> _What you have to do_: Identify all lines of the data containing the string "Image" and copy them.

> _The records_:
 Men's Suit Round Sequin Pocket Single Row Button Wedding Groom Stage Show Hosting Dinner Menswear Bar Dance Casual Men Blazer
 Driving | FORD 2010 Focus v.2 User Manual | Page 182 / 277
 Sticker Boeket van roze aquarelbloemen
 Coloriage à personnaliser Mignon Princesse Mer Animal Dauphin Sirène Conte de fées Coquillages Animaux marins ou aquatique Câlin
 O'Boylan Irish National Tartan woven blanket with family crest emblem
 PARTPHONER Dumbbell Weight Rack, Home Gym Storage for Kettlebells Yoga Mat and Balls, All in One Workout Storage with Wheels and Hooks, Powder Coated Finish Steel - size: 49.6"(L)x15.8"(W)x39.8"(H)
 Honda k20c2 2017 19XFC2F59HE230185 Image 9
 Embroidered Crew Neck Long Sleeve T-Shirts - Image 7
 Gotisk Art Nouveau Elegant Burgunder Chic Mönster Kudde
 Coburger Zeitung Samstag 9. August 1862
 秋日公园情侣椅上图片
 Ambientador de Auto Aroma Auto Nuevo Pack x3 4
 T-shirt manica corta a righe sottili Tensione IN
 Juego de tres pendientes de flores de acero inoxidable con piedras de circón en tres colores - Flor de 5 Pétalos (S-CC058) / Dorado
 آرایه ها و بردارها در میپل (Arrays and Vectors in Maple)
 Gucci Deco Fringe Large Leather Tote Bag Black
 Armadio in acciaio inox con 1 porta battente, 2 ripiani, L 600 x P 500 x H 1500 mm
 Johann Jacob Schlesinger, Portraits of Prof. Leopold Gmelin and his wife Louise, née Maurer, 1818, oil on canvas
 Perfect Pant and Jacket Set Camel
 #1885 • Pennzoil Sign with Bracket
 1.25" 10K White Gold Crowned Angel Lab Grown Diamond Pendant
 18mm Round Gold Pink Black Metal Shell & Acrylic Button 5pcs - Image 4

> _Finished exercise_:
 Honda k20c2 2017 19XFC2F59HE230185 Image 9
 Embroidered Crew Neck Long Sleeve T-Shirts - Image 7
 18mm Round Gold Pink Black Metal Shell & Acrylic Button 5pcs - Image 4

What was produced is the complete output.